昔より転移・転生者が多くいた王都フィリアロック。転移・転生者が多く居る事によってホーネスト王国は他国より栄華を極めていた。こちらには無い知識や特別な力を持った者達によって齎される栄華……衣食住などは格段に向上したと言えよう、特に食の向上は著しいものだったそうだ。高級品だった砂糖を庶民が手にするまで時間は掛からなかった。それ程まで異世界から齎された知識は人々の何もかもを変えていった。向上を止めない、飽くなきまでの食の情熱。その中で人々を虜にしたモノがあった! それはケーキなる異世界の食べ物だった。転移・転生者が齎した知識によって簡単に砂糖などが手に入る様になった時代に更なる衝撃を人々は叩きつけられた! なんて素晴らしい物なんだケーキは! と人々は歓喜に震えたが転移・転生者達は納得が出来なかった。人々が歓喜に震えるケーキは何の変哲も無いショートケーキだったからだ。実にシンプルだが奥深い味わいは人々を魅了してやまなかったが転移・転生者は悔しがった。何故なら他の種類のケーキを知っているからだ。転移・転生者は諦めずに試行錯誤を重ね色々なケーキを世に送り出していく。時に専門知識が足りず涙した。自分に無い専門知識を有した転移・転生者が現る事を願ったりもした。挫けずに、ケーキに立ち向かった転移・転生者の飽くなき向上心によって多種多様なケーキは庶民の間に広まっていった。そんな中、遂に時代は動いた。

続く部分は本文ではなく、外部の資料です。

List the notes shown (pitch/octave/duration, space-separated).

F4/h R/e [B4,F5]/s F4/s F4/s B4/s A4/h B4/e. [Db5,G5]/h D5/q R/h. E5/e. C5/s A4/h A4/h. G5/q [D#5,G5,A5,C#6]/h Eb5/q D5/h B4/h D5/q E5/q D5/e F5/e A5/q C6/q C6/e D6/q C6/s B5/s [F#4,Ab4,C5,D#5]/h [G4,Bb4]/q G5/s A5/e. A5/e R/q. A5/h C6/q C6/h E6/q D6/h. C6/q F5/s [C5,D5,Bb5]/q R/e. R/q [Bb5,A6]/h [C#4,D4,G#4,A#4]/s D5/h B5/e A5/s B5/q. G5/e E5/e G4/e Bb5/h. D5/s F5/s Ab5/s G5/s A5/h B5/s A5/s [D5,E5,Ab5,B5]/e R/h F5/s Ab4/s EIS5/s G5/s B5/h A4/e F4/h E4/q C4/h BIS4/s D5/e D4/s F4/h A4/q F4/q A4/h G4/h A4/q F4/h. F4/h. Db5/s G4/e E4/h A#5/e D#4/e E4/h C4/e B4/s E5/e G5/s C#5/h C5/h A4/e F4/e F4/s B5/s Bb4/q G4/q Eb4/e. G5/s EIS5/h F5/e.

それが15年前、一人の転生者である男が齎したケーキによって!! ケーキの名は『モンブラン』。栗をふんだんに使ったケーキである。モンブランくらいならとっくの昔に登場しているのではないかと思われるが、残念な事に異世界エルドランドでは栗の存在が発見されていなかった。故に転移・転生者達は真っ先にモンブラン作りに挫折してしまった。四方八方各地を巡って栗を探した者もいたが遂に見つける事叶わなかった。そんな中で遂に偉業を成し遂げた男が王国に降り立った。男は王都フィリアロックに店を構えると真っ先に店の花形商品としてモンブランを客に提供した。人々は見た事無い聞いた事無い食材を使ったケーキを半信半疑で食べた。一口食べた時に身体に走る衝撃! 人々が持ちえた矮小な価値観がモンブランによって崩されてしまった。例えるならモンブランに投影された氷河に切り取られる峻厳な岩肌の様に。

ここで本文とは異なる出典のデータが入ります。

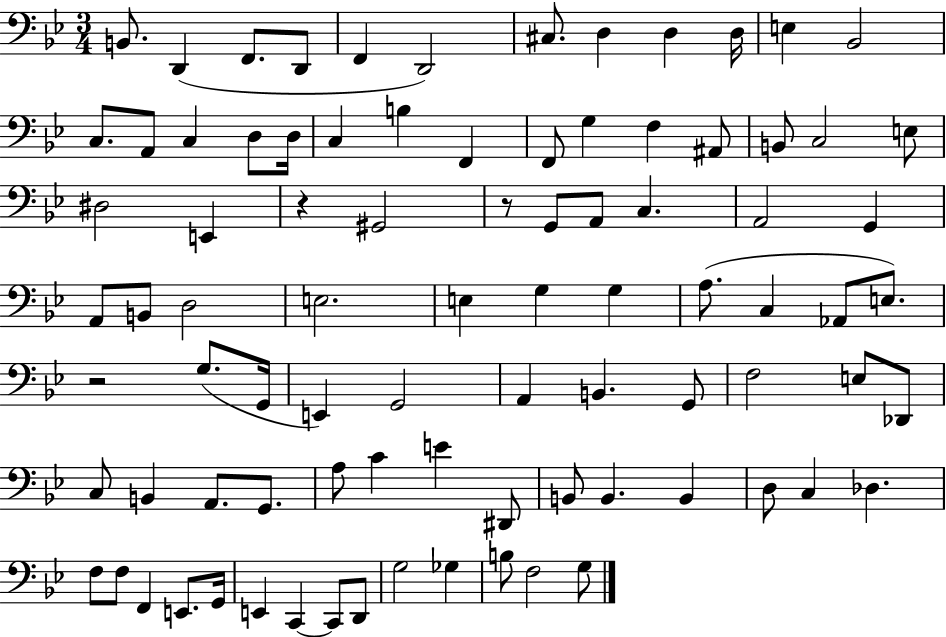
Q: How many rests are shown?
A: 3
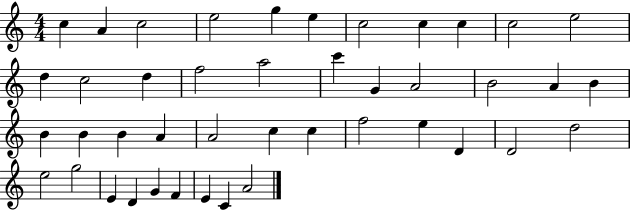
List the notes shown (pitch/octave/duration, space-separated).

C5/q A4/q C5/h E5/h G5/q E5/q C5/h C5/q C5/q C5/h E5/h D5/q C5/h D5/q F5/h A5/h C6/q G4/q A4/h B4/h A4/q B4/q B4/q B4/q B4/q A4/q A4/h C5/q C5/q F5/h E5/q D4/q D4/h D5/h E5/h G5/h E4/q D4/q G4/q F4/q E4/q C4/q A4/h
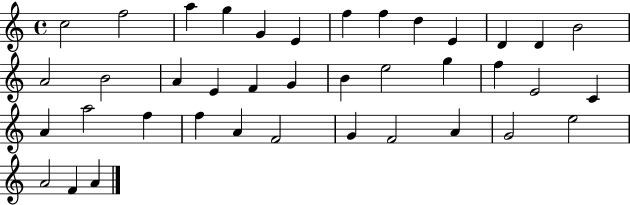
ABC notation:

X:1
T:Untitled
M:4/4
L:1/4
K:C
c2 f2 a g G E f f d E D D B2 A2 B2 A E F G B e2 g f E2 C A a2 f f A F2 G F2 A G2 e2 A2 F A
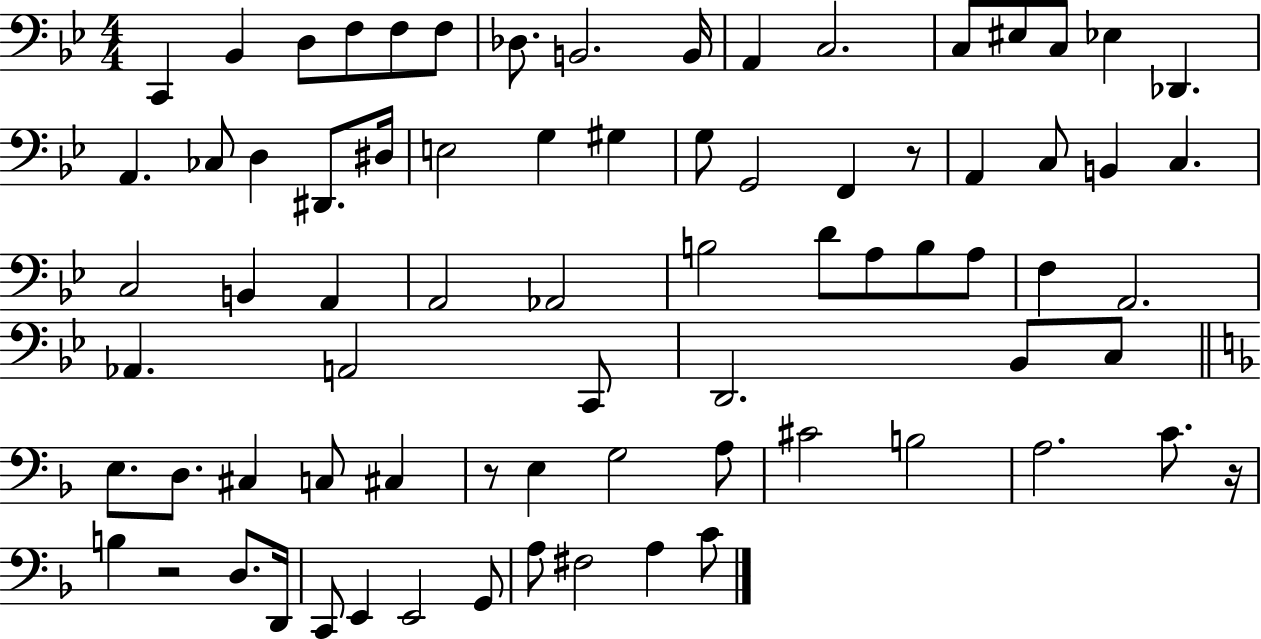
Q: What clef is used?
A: bass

男が作ったモンブランに人々は熱狂した。これはケーキ革命だと皆が皆、男の店『モン・ブラン・オ・マロン』に連日押しかけたが皆にケーキを提供する事が男には出来なかった。残念な事に男が異世界エルドランドで見つけた栗の木は本数少なく、栗を皆に提供できる量に限界が有るとの事。
人々は嘆き悲しんだが、男の一言に皆が期待を膨らませた。
『今年の分の栗は終わりですが、来年……来年また皆様方に提供できるので楽しみに待っていてください!』
それから毎年、秋になると『モン・ブラン・オ・マロン』の店先には花形商品のモンブランを求めて人々が殺到した。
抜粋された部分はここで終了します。